Edit: obviously, this is a worst case scenario.
Specifically it was a trio of vulnerabilities colloquially known as 'Foreshadow / L1TF': CVE-2018-3615, CVE-2018-3620, and CVE-2018-3646,
I know almost nothing about computer security.
I ask because ages ago, I added copyright protection to some products (under protest). Though encrypted on disk, once loaded, all our code and key phrases were "plaintext" in memory, easy to read. Hackers would post cracked versions of our releases within 24 hours.
The whole effort seemed pointless. My takeaway was if you had physical access, you have everything. But maybe things have improved.
The access provided by these attacks is a far cry from physical access. There are plenty of things that can be done to mitigate them (removing data from the cache, for example).
Of course, this entire post is about how to disable those mitigations, as they almost always come with a performance penalty.
Over the past few years it has really slowed down. I got some (not nearly all) of the performance back by using some of the command line options shown here. I'm going to try the whole command line later today and do some actual before and after testing.
But IMO this is the kind of situation where turning off the mitigations makes sense.
But I'm on an AMD CPU not intel.
I'm very curious to hear what knowledgeable folks here could tell me about performance gains on AMD (1950x) from these or any other similar switches.
another before: https://browser.geekbench.com/v5/cpu/381122
after with mitigations off: https://browser.geekbench.com/v5/cpu/381082
I believe there is almost no difference (unless my bios hardened something like this that I am not aware off: https://www.asus.com/us/support/FAQ/1035323/)
If one needs those extra ~200 point I think he might already ensured that no extra app running and he is using cpu isolation
mitigations on score: 719 Single-Core Score 1438 Multi-Core Score
mitigations off score: 679 Single-Core Score 1418 Multi-Core Score
Running Ubuntu 18.04.3 LTS with i5-4300 U on a T440s.
Any ideas why? Makes no sense to me.
The other obvious option since you mention it's a laptop is probably throttling. Worth at least checking dmesg output to see if the kernel logged any events during the run, but I'm not sure that's conclusive.
On my Dell it's possible to force fans to 100% through a third party utility, maybe yours supports similar
Should I add the line as specified in the article if my CPU is as old as Core 2 Duo? Will it make any difference? Won't it render the system unbootable?

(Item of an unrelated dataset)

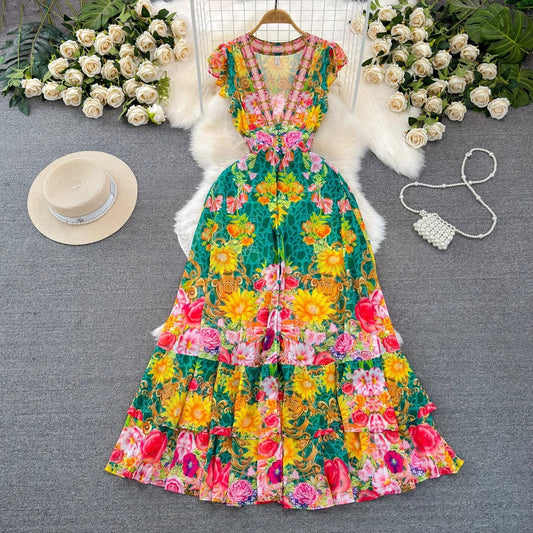 Elegant Vintage Floral A-Line Midi Dress with Lapel Collar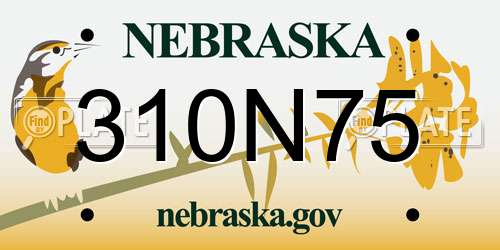 310N75 Nebraska License Plate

grep . /sys/devices/system/cpu/vulnerabilities/*
GRUB_CMDLINE_LINUX_DEFAULT="noresume noibrs noibpb nopti nospectre_v2 nospectre_v1 l1tf=off nospec_store_bypass_disable no_stf_barrier mds=off mitigations=off"
My understanding was that "mitigations=off" is a shortcut for "disable all spectre/meltdown changes that cost me performance", at least on a recent kernel.
(Or processes of the same user in the same namespaces, or some such criteria for "mutually trusting" processes.)
Games, for instance; don't cross that boundary as much as, say, networked databases.
Both XB1 and PS4 have 8 cores (2xJaguar modules). Both also reserve one of the core exclusively for the system, so a single-threaded game would only leverage 14% of available CPU compute power.
The Switch is somewhat similar through to a lower extent: it effectively uses a quad-core ARM, with one of the core reserved to the system leaving 3 to game developers.
For the last decade most of them are console ports, consoles have many CPU cores since Xbox 360 (3 cores / 6 threads, 2005) and PS3 (1+6 asymmetric cores, 2006).
Most games render from single thread, but besides submitting these draw calls games do a lot of things under the hood.
Can't keep 150 FPS at all times during a replay for instance, gonna disable mitigations and see if anything changes.
EDIT: nothing drastic happened, probably need to disable Windows protections as well.
Pretty sure there's no point returning to that intermediate state again, might as well commit to one or the other.
Browser with some YouTube video playing, 30 tabs, some webpack Dev server doing compiles and a text editor?
50ms faster compiling?
The bug was closed, but it doesn't look like it was fixed.